Generally I enjoy archive.today very much, but it seems to be a labour of love which can go away any moment (despite its apparent resiliency), rather than something for the ages...

  • Wikipedia does not require that references be free to access. Most books, journals and physical newspapers fall into this category. So editors are perfectly entitled to reference paywalled articles. The fact that you can access some of these through Archive.today is really just a nice bonus. I am a bit concerned about the possibility that the service might just vanish someday, but I don't think that's a reason not to use it.

    • The problem is more that a lot of references will just disappear. It just so happened that earlier today I opened 4 or 5 references for an event that happened around 2009-2012. They all gave either a 404s or just redirected me to the homepage.

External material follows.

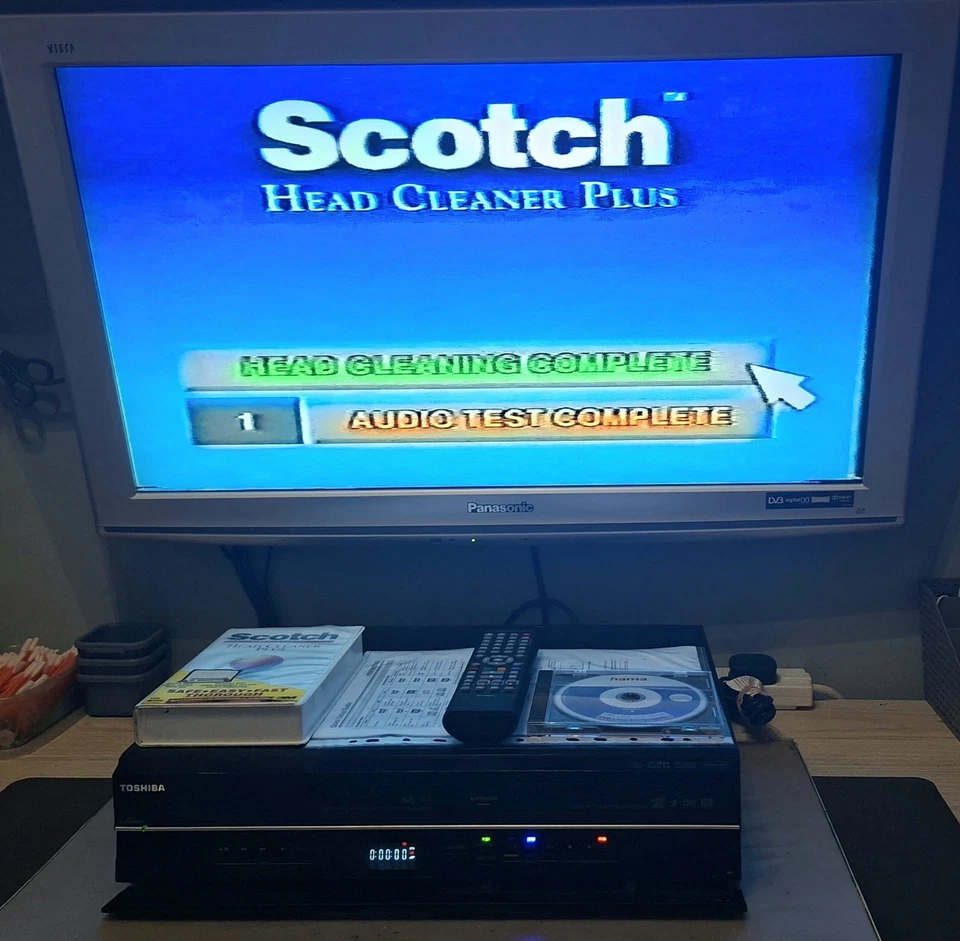 Toshiba RDXV59DTKB Copy VHS to DVD VHS DVD Recorder 250GB HDD New Remote & Guide - Image 4 of 4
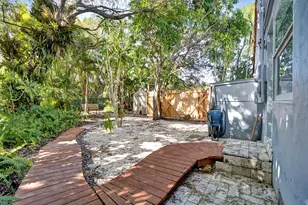 720 SW 11th Ct, Fort Lauderdale, FL 33315 - Photo 19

      This is why I consider these types of archives important: not so much to bypass paywalls, but to ensure content is still available in a decade, or two decades.

      2 replies →

It's strange to hear the author isn't a fan of cryptocurrency. There are a lot of dubious use-cases for crypto, but facilitating donations for sketchy services is an obvious one.

Why Archive.today

HN Readers, Commentators and Story Submitters are aware of the FAQ; 'Are paywalls ok?

It's ok to post stories from sites with paywalls that have workarounds. : https://news.ycombinator.com/newsfaq.html

Which means for the Publishers of pay-walled sites to be featured on HN,

which is a prime site for garnering potential paying new prospects and to replace natural attrition of subscribers.

Some Publishers see this as a positive.. free samples, a minor amount of the Publications full output,

much like a paid agent in a supermarket giving out cheese and/or spiced meat on a stick etc, to encourage new users.

Other Publishers see this as mice nibbling at their cheese.

I use archive.is because almost of the Articles submitted to HN are already archived, so it is a simple copy and past.

archive.is does Not require java to read or to archive an Article,

it is fast and the archiving scripts work on most sites.

Interesting read!

For a while now, I've had infrequently occurring arcane cert/SSL issues connecting to archive.ph and its siblings, but trying a couple of links from the article I find I can't get past an endless cycle of "one more step" captcha protection - tried clearing all cookies and revisiting an old url, but to no avail.